Only a Brit would marry a woman with a face like that.

Snow Bird
Joined
Feb '11
Snow Bird

Radio Free Delingpole #10: Doomed

One of these days, you should try to do one of these with John Derbyshire.

[Edit due to some really weird formatting glitches the spontaneously appeared when I tried to post. Very strange.]

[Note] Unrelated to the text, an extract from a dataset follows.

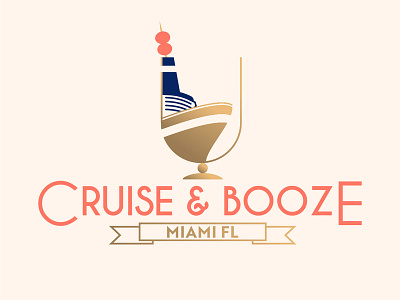 Cruise & Booze logo booze branding cruise icon logo miami ship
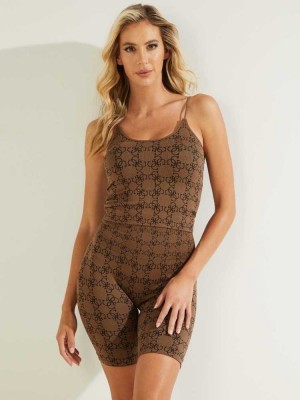 Brown Guess Arleen Logo Top Women's Jumpsuits | 0891-XPGAY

Edited on March 8, 2012 at 4:20am
~Paules
Joined
Jun '10
~Paules

Mr. Delingpole,

You misunderstand the conservative attitude toward homosexuals.  We are not against gay people.  We are opposed to the leftist gay agenda because it promotes promiscuity.  We are against events like gay pride marches because they offend public morality.  And we are against gay marriage, despite the fact it might mitigate against promiscuity, because we believe that children are best raised by a man and a woman joined in marriage.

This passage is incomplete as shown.